‘Bel Ami’ by Guy de Maupassant
Novel
Stephen
2/28/20262 min read
This novel was published in 1885 when Maupassant was thirty-five and a well-established author, mainly known and celebrated for his short stories. I first read it many years ago on the recommendation of my uncle, but remembered little about it. It concerns a few years in the life of a pretty unpleasant and rather vacuous young man called Georges Duroy, an army veteran who becomes a journalist and steadily climbs his way up the social ladder. He does this largely by seducing and having affairs with a series of useful or influential women. It is all very French and intended, I guess, to portray Paris society during the era of the Third Republic in an unflattering light. A non-entity who is good looking, selfish and amoral is able pretty effortlessly to make himself into a wealthy, influential and much admired figure. He is not an evil man, nor especially ruthless, just self-centered, manipulative and completely second rate. The world is full of such people. Always was and always will be. I have worked among them for years, and they are not all men.
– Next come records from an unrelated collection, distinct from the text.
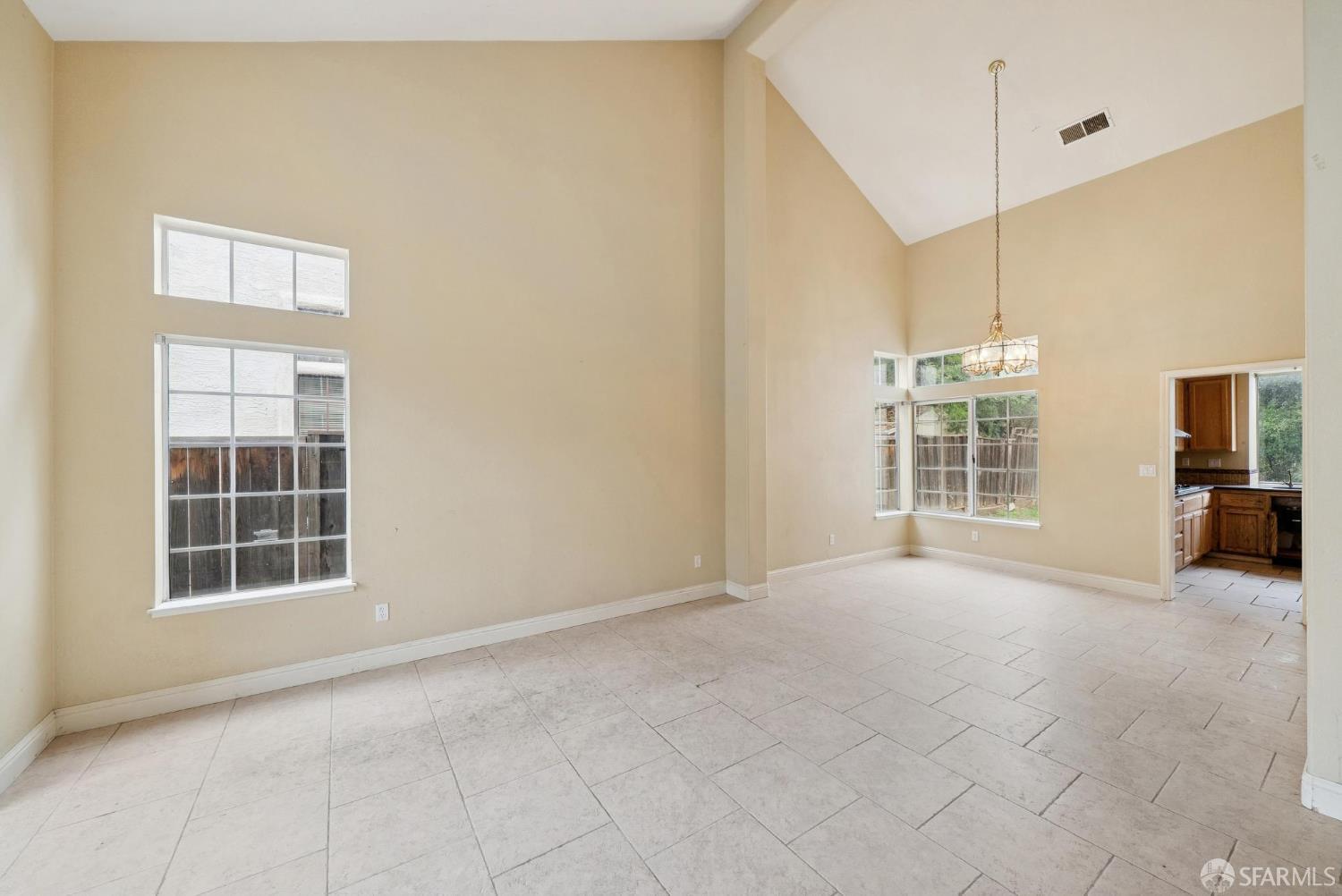 Detail Gallery Image 32 of 70 For 2133 Bamboo Way, Antioch,  CA 94509 - 5 Beds | 3 Baths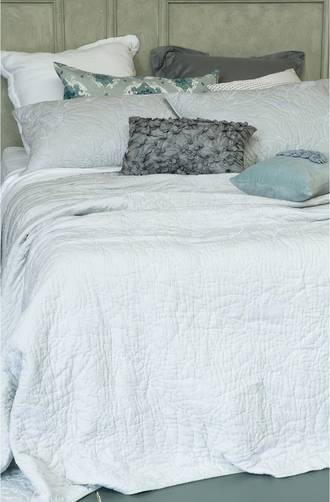 Bianca Lorenne Candyce Ice Bedspread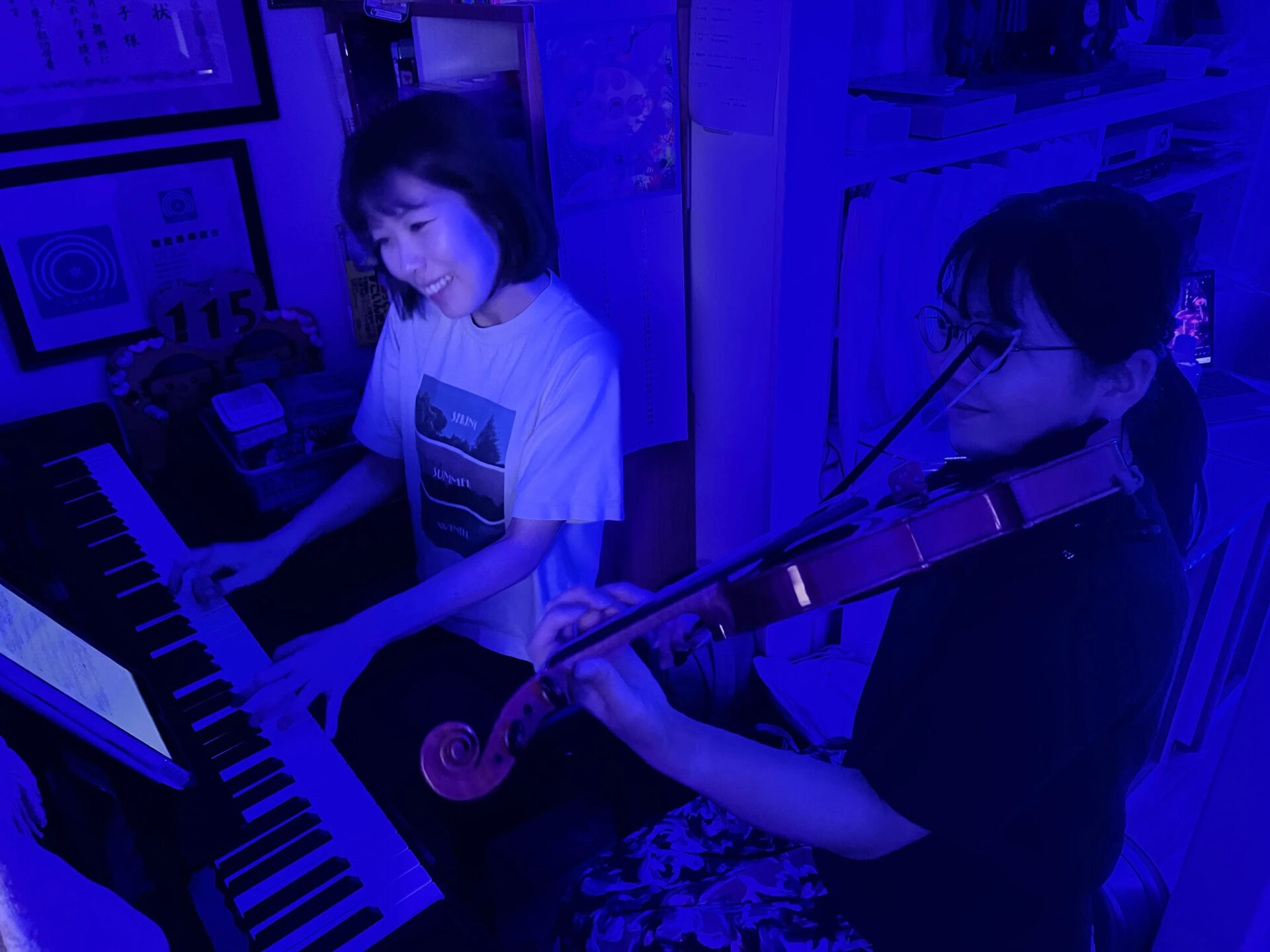 志のぶ幼稚園で行われた生演奏を取り入れた体験プログラムの様子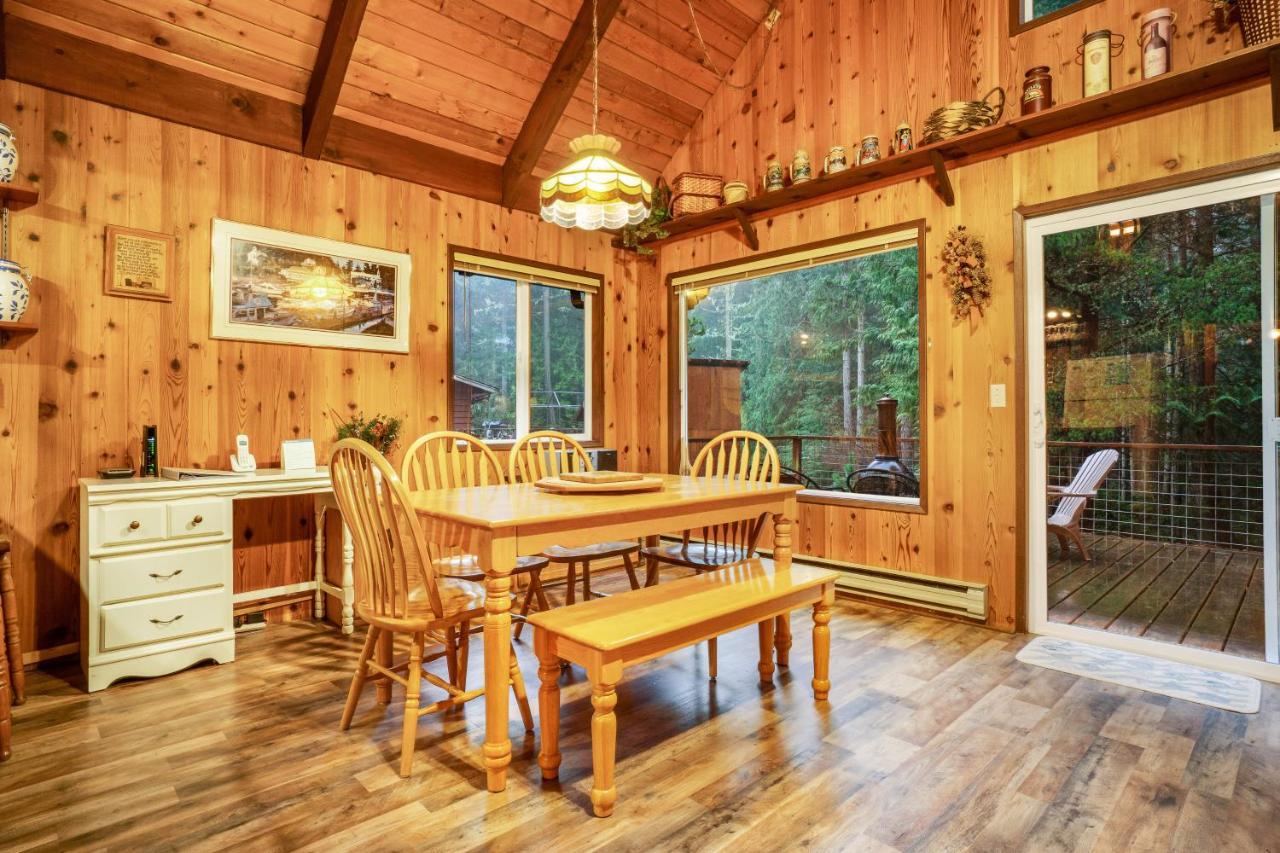 The Chalet On Lopez Islandale Стая снимка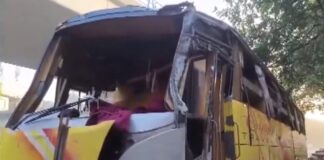 दिल्ली के करोल बाग में भीषण बस हादसा, 2 की मौत; मंदिर चौराहे के पास पलटा वाहन Delhi Bus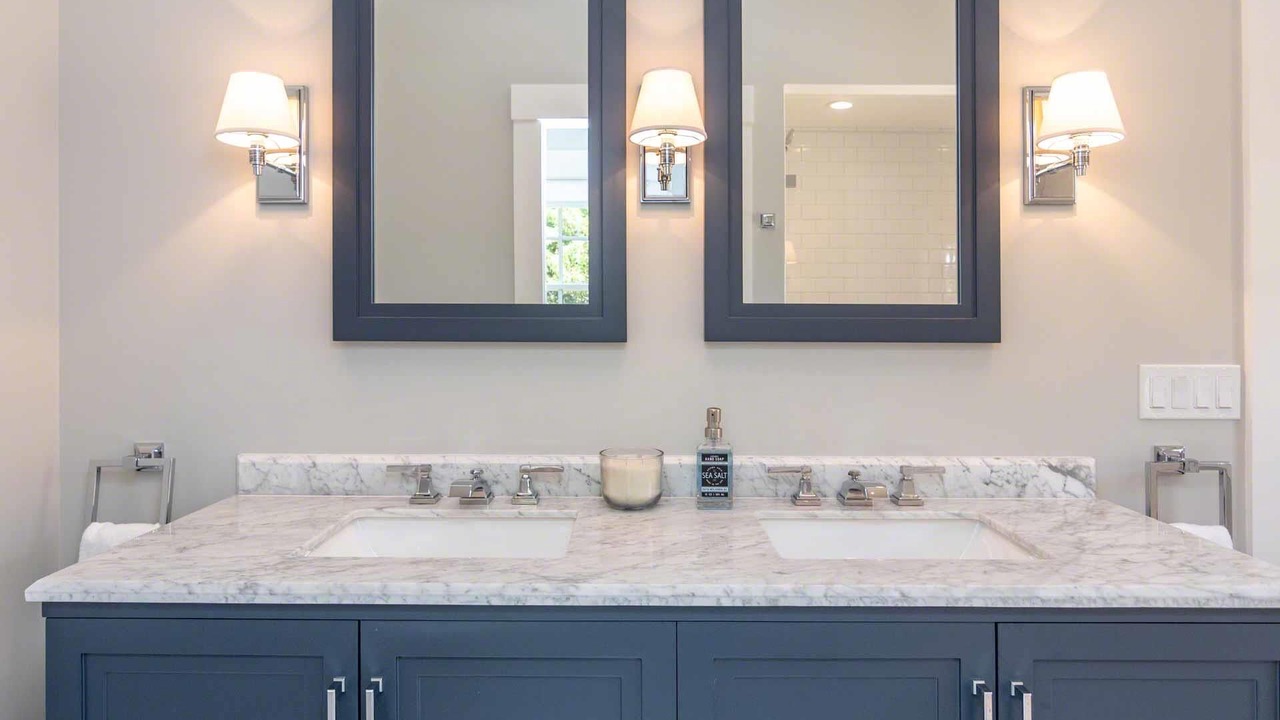 Photo of Bathroom in Edgartown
The novel, like many in those days, was written for publication in a magazine in monthly instalments, and reads in some ways like a succession of the shorter stories that Maupassant was so adept at writing. Some passages are really compelling and original. About half way through there is a significant death, and this is described really superbly, particularly the honest reactions and behaviours of those close to the person who dies. Two characters also end up fighting a duel at one point and there are scenes set in the Folies Bergères which were interesting.
The most memorable aspect of Bel Ami for me was the way that Maupassant portrays the women in his story. Duroy ends up having relationships of some sort with five during its course, two of whom he ends up marrying. Each is completely different in terms of how she responds to him and what she is able to do for him as he builds his career and climbs his social ladder. All are very unlike one another, but each shares a love of sorts for him.
The problem with this novel is that because Duroy’s behaviour towards the women - as it is towards everyone - is utterly selfish, cold and unfeeling, as a reader you never really sympathise with the central protagonist at all. He has no redeeming features. No back story sets out to explain why he is like he is, beyond the fact that he is from a very ordinary, rural provincial background that he is keen to leave behind.
There is thus no heart to ‘Bel Ami’. I am sure this is deliberate, Maupassant’s primary aim being to indict the society he lived in, but it does make the reading experience a touch flat in all honesty. It is a novel without heroes or heroines, villains or villainesses. Of interest historically. Realistic, but not hugely engaging - at least for me.